Write out every record below exactly, so that nothing differs from what is shown.

Entries taken from a collection |
════════════════

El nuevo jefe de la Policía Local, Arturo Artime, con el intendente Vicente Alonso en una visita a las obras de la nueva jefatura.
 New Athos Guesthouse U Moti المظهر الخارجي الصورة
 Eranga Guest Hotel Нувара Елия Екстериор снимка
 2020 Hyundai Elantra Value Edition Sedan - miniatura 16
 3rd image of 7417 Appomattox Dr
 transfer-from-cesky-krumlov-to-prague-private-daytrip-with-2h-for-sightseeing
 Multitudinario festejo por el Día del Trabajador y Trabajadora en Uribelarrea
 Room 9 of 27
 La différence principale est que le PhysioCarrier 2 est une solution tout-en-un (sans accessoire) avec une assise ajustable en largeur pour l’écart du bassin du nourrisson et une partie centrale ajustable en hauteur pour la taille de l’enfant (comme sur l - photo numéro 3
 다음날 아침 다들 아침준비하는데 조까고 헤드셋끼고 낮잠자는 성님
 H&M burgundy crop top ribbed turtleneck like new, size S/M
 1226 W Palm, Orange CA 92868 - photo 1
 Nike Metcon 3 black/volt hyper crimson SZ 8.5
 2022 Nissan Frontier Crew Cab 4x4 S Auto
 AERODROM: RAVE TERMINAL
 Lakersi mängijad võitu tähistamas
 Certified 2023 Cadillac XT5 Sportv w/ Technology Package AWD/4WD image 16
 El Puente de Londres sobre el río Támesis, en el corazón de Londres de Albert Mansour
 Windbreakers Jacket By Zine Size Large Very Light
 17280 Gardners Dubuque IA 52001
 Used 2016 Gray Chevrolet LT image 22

════════════════

Solution to the problem |
El nuevo jefe de la Policía Local, Arturo Artime, con el intendente Vicente Alonso en una visita a las obras de la nueva jefatura.
 New Athos Guesthouse U Moti المظهر الخارجي الصورة
 Eranga Guest Hotel Нувара Елия Екстериор снимка
 2020 Hyundai Elantra Value Edition Sedan - miniatura 16
 3rd image of 7417 Appomattox Dr
 transfer-from-cesky-krumlov-to-prague-private-daytrip-with-2h-for-sightseeing
 Multitudinario festejo por el Día del Trabajador y Trabajadora en Uribelarrea
 Room 9 of 27
 La différence principale est que le PhysioCarrier 2 est une solution tout-en-un (sans accessoire) avec une assise ajustable en largeur pour l’écart du bassin du nourrisson et une partie centrale ajustable en hauteur pour la taille de l’enfant (comme sur l - photo numéro 3
 다음날 아침 다들 아침준비하는데 조까고 헤드셋끼고 낮잠자는 성님
 H&M burgundy crop top ribbed turtleneck like new, size S/M
 1226 W Palm, Orange CA 92868 - photo 1
 Nike Metcon 3 black/volt hyper crimson SZ 8.5
 2022 Nissan Frontier Crew Cab 4x4 S Auto
 AERODROM: RAVE TERMINAL
 Lakersi mängijad võitu tähistamas
 Certified 2023 Cadillac XT5 Sportv w/ Technology Package AWD/4WD image 16
 El Puente de Londres sobre el río Támesis, en el corazón de Londres de Albert Mansour
 Windbreakers Jacket By Zine Size Large Very Light
 17280 Gardners Dubuque IA 52001
 Used 2016 Gray Chevrolet LT image 22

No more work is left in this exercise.